HOUVE UM tempo em que governo e oposição eram cerveja e vinho, dois sabores inconfundíveis, cada qual com seus adeptos. Era um mundo mais simples, como são simples os cenários sem muitos matizes. O maniqueísmo era impositivo; em tempos negros é preciso ter lado, dizia-se. Mesmo entre os bebedores de cerveja, ser ou não ser era a questão; você era Brahma ou Antarctica. Um dia o preto e branco acabou, houve festa cívica no reino, aleluias, felicidade. Daqui para a frente, tudo ia ser diferente.
Até que foi. No começo a velha dicotomia ainda podia encontrar alguma ressonância, havia espaço para crenças de que "este governo", os primeiros, "não era bem o que a gente queria, mas no próximo com certeza...". Aí veio a "fusion cuisine", misturando hemisférios e quadrantes, juntando jabuticaba e petit gâteau.
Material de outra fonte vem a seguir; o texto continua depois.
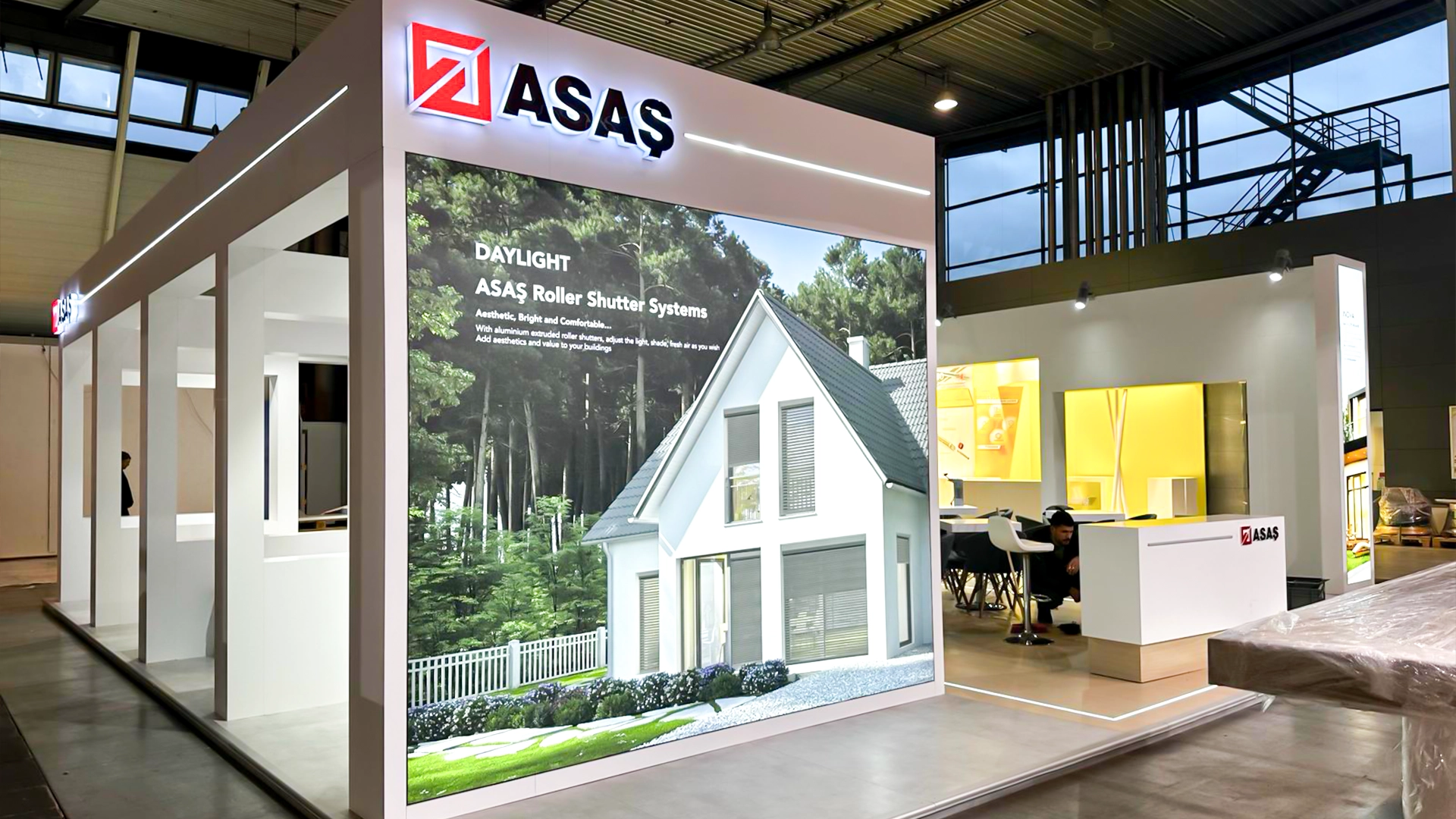 Asas R+T24 Fuarstandi Wawainteriors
Veio a Ambev, embatucando quem sempre acreditou que Brahma e Antarctica eram mundos incompatíveis. E vieram o PSDB e o PT, farinhas moídas no mesmo moinho, mas acomodadas em sacos distintos, já que um só era insuficiente para todo mundo. Oba!, enfim, a maturidade, o muro caiu (até Carolina viu), e o último baluarte da esquerda chegou ao governo. Os sonhadores incorrigíveis apostaram que agora o debate iria ser mais rico, sem cores primárias e mistificações simplificadoras. Dançaram, estamos dançando.
Muita coisa mudou, mas o debate honesto e despido de vícios ideológicos, vital para o país e até então relegado sob o argumento (questionável) de não reforçar o inimigo comum, virou suco. Ao contrário, ressuscitou-se o maniqueísmo simplório, e interditou-se o debate. Não há espaço para crítica e discordância, ou você está comigo ou é um vendido. A política, cada vez mais irrelevante, instaurou de vez a lei do "não me entregue ou eu te deduro". A intelligentsia se engalfinha em discussões ruidosas, de muito calor e nenhuma luz, voam insultos e acusações.
A imprensa, culpada eterna, não podia ficar de fora. Lembra da isenção, aquela utopia cultivada com carinho? Virou refém da lei do "uma no cravo, outra na ferradura", ao custo de muitas vezes ter de ignorar os critérios de hierarquizar a notícia pela sua importância. Exige-se a democracia caolha, que trata como igual o que é diferente, como revelam painéis de leitor, blogs políticos e caixas de mensagens.
O povo, a moçada mais ainda, esse caiu na real e foi cuidar da vida.

 

PS: Este texto já estava engatilhado antes da publicação das colunas de ontem de Clóvis Rossi e Nelson Motta, que tratam de assuntos diferentes, mas navegam na mesma maré de mal-estar. Talvez seja coletivo. Talvez seja bom sinal. Talvez seja só outra ilusão de que podemos virar adultos.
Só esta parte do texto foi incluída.